Sunday, 1 June 2008

Jamie and Scott Go Francing: Day 2

Sunday, 18 May 2008

We began the day with a relatively early morning walk down by the marina in Dinard. Desperately, but futilely, in search of coffee. Being somewhat opposed to paying over the odds for average breakfasts at hotels, we’d decided to skip the €36 option at the hotel. We did finally grab a pain au chocolat and a croissant in a boulangerie on the way out of town.

We gathered our things, collected Isabelle and headed towards St Malo, just across the bay. St Malo was once a famous privateer stronghold where Jacques Cartier was from. Now it is a walled tourist town, full of naff shops selling swords and monogrammed soaps. Well, maybe that is a little harsh, but we prefer the realness of Dinard. Fortunately St Malo redeemed itself by having good espresso and fantastic views from the ramparts.

The city was destroyed during WW2 and has been completely redone, which they have done very well. We wouldn’t have even noticed this if someone hadn’t told us. We walked the ramparts and along the edge is a group of Quebecois flags, so of course, as Canadians, we stopped to take a picture of Jacques Cartier (he ‘discovered’ and claimed Canada for France in 1534). Turns out that it wasn’t Jacques…it was a famous privateer called Surcouf. Why he was standing amongst Quebecois flags is mystery we still haven’t solved! We did find Jacques later but he was off by himself in a park. Hmmm…perhaps a mix up when putting up the statues?

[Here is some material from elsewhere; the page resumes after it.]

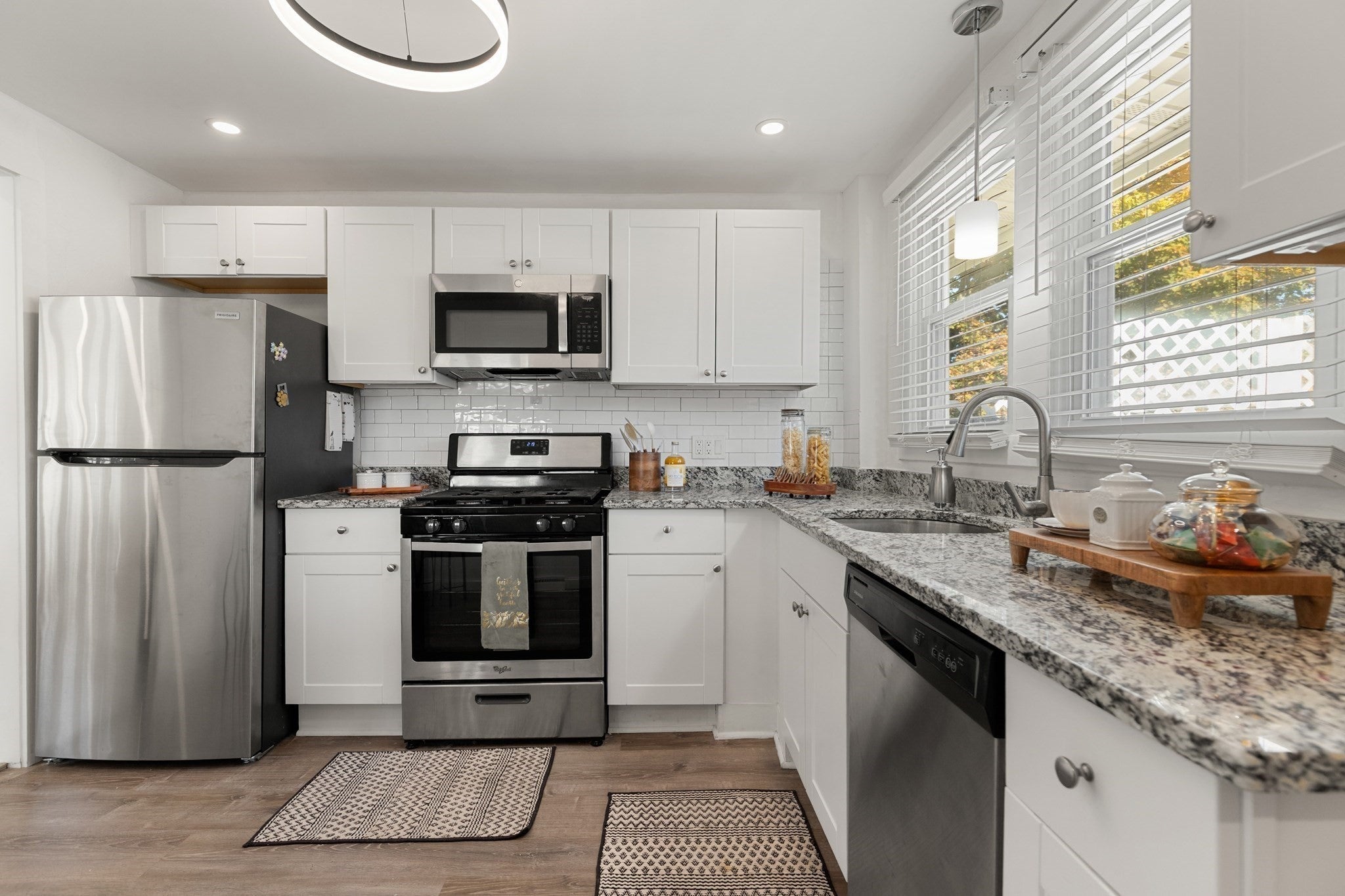 25 Grand View Ave, Revere, MA, 25 Grand View Ave, Revere, MA Photo #16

After wandering around the ramparts for a while, we loaded back into Isabelle and drove the Emerald Coast towards our next stop – Le Mont St Michel. After stopping at a lookout point along the way we headed towards Cancale for some famous oysters for lunch. We found a bit of Cancale inappropriately labelled (they have signs when you enter a town and then have a sign with an X through the town name when you leave) as it wasn’t the REAL Cancale, it was Basse Concale…but it had lots of restaurants overlooking the Bay of St Michel. You could even see Le Mont in the distance. We managed to have a very tasty lunch in the sunshine. Later we drove past the real Cancale and it looked very nice. Damn French, first the mustard, now this!! (See previous Francing trip report for mustard story http://www.fodors.com/forums/pgMessages.jsp?fid=2&tid=34889327&numresponses=119&start=0&searchText=bikerscott )

We drove along the Bay to the Mont. All along we caught spectacular views of the famous abbey on its little hill in the middle of the Bay. We arrived at the official parking and found a spot for Isabelle, then ascended into Hell.

Le Mont St Michel (actually in Normandy) is a beautiful village which has been completely overrun with massive hordes of tourists and the horrible sword-selling shops that they attract. Of course, we don’t consider ourselves to be tourists ha ha ha. We arrived around 3pm and checked into our hotel, Auberge St Pierre http://www.auberge-saint-pierre.fr/ and wandered around for a bit until we found a nice vantage point to watch the ‘galloping horses’ of the tide come surging across the bay. After 2 cold hours we realized that the horse would probably have to be dead to be out-galloped by the tide! We now have what will most likely be the most boring time lapse photography ever. I blame Jamie for this, as it turns out we were a couple hours early for the tide and she got the time wrong!!!

After 2 hours freezing in the cold we found a suitable bar and I had a grog and Jamie tried a Kir Normande (crème de cassis/cidar/calvados), followed by a bottle of cidar. Yes, a whole bottle. We then headed out for dinner. By this time the day trippers had left and the town was serene and beautiful…exactly why we chose to stay there overnight!

There is really only 1 road on the Mont leading up to the abbey, and what everyone says is true…there is no good food. We settled on Les Terraces de Poulard where we had the worst service ever. Our waiter opened the wine, put it down on the table, and immediately walked away, all without saying a word! Jamie enjoyed her mussels in cream and lobster, and I an omelette with ‘wild’ mushrooms from a tin and the leg of lamb. The wine was delicious anyway, a yummy Chateauneuf du Pape.

We are avid photographers, so after finishing our average meal we dragged out the tripod and got some lovely shots of the abbey all lit up. Absolutely worth putting up with the tourists!